ステータスのMPが、ゆっくりと回復していく


―お願い!上手くいって!―


50%過ぎたあたりで、パパの目がゆっくり開いて私を見る。

「…アイビー…?」


その声を聞き、心にグッときて泣きそうになる。でも今の私はサーシャ。


「いいえ。私はただの平民ですよ。水を取り替えに来ました。」

父はかすかに笑った。


「ははっ…そういう事にしておこう」

笑うとパパはまた眠りについた。


「リリー…私だってバレ…てないよね?」

「…さあな。可能性は高いかもな…」

リリーが、辺りを見回し始める。


「…人間共が…来る」


「え?なんて? 後、30%…もう少しだわ!」


「そこをどいてもらおうか」

背後から低い声が響いた。

振り返ると4人の仮面をつけた男達が並んでいた。


「なぜ眠らなかった」

リリーが私を隠すように前に出た。


「悪いが、俺らは毒に耐久があるもんでね。」

「誰の差し金だ!」

「言えねぇな!」

二刀流の男が切りかかって来た、


私は床へ手をついた。

―拘束―

光の鎖が二人の足を絡め取り、そのまま転倒させる。


残る2人が私へ迫る。

「死ね!」

「サーシャ!」

その時、私の後ろから、雷撃が飛んだ。


 ビリリリィィイ!バチッ!

男達は悲鳴と共に黒焦げになって倒れた。


私は振り返る。 パパは静かに寝ている。

「…パパ…?寝ながら…??」

無意識なの?もしかして、半分起きてる?


心なしか、パパの口元がニヤッと上がった気がした。

私は、すぐに倒れた男達の懐を探った。 出てきたのは貴族の紋章。


「やっぱり内通者か…。

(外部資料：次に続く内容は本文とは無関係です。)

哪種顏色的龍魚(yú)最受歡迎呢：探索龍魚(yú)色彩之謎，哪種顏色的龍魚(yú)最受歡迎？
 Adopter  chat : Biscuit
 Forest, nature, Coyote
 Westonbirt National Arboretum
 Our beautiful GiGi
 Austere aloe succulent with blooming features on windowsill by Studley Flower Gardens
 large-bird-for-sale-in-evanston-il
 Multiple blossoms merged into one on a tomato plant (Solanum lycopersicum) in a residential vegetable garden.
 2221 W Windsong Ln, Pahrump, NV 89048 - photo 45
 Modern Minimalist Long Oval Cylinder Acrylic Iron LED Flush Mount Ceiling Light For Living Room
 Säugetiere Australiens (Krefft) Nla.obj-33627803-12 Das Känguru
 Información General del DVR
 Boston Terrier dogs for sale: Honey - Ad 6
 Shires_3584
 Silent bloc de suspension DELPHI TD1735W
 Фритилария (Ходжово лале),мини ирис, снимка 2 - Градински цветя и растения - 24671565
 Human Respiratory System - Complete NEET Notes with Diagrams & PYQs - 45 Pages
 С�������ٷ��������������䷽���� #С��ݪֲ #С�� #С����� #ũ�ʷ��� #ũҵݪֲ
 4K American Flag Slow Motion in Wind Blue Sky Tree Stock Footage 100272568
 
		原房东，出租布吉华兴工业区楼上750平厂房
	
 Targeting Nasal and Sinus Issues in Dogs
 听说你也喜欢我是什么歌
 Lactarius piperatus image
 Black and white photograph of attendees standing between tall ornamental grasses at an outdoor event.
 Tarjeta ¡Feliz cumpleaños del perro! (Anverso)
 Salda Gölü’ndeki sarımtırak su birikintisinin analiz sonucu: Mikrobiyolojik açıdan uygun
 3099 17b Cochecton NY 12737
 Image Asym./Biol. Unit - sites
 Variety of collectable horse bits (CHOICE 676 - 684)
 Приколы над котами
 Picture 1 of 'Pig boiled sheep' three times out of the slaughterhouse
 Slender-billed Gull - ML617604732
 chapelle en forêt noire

」

 私はそれを父の手に握らせる。


「証拠、ちゃんと残しとくから…パパ、遅くなってごめんね…。」


パパの手の上に自分の手を重ねる。


「大好きだよ。早く帰ってきてね。」

かすかにパパの手が動いた気がした。


―100% 治療を終了します―

システムの声がした。


近くのノートの紙を破り、殴り書きする。

「主、字が踊っているぞ?」ニヤニヤしているリリー

「急いでるの!」


1階の兵士が集まっている所へ、拘束した状態の刺客と紙を置いてきた。


「これで大丈夫かな…。動揺してたから、靴だけ子供の時と同じになっちゃったよ」

平民の恰好に紫リボンがついた、かわいい靴…今気づいた。


「主、そろそろ帰らないと」 

天井を見上げているリリーが急かしてきた。


「そうだね、城に帰らないと。」


風魔法でまき散らしていた花を集め、BOX収納する。


私はその時、何も気づかなかった。


―まさか、天井裏でルーカスに見られているとは…。